Naama Meishar
The Urban Environmental Good and its Housing Aftermaths: Revisiting Ethics of Planning and Design Strategies in Jaffa Slope Park
Naama Meishar (The Edmond J. Safra Center for Ethics/Tel-Aviv University)
In this paper I propose a close reading of an ethical conflict that surfaced between an urban environmental reclamation project and urban housing policy in Tel Aviv-Jaffa.
Inaugurated in 2010, Jaffa Slope Park, a new urban park in Tel Aviv-Jaffa, was constructed on a recycled landfill on Jaffa's waterfront. This 20-hectare park, sculpted as three massive, rolling, lawny hills, is situated on reclaimed land from the Mediterranean that has been gradually filled since the 1960s with ruins of pre-1948 Palestinian buildings and other construction waste collected from the greater Tel Aviv district. A decade ago, the ruins and waste were grinded on-site and became indigenous to the park's earth, paths and planting soil.
Nevertheless this celebrated environmental achievement has become an accelerator of an ongoing gentrification process initiated in the 1990s by a neoliberal planning policy that dominated municipal urban planning for West Jaffa. As a result of this policy, poor protected Palestinian tenants were pushed to other neighborhoods and towns while affluent newcomers, both Arab and Jewish, refurbished the former Palestinian neighborhood of Ajami.

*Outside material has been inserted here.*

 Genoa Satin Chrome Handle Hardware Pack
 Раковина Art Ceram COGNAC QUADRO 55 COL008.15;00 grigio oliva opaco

This presentation of a conflict between two urban goods – namely, environmental recovery and housing – will contribute to a recent debate on that phenomenon. Moreover, I will speculate on planning and landscape architecture strategies that might address this ethical conflict. My proposed speculations are based on a residents discourse during public participation meetings that took place during the park's design process and on alternative design stages that were presented by the landscape architect between the years 2003 and 2006 and were subsequently overruled by different planning institutions.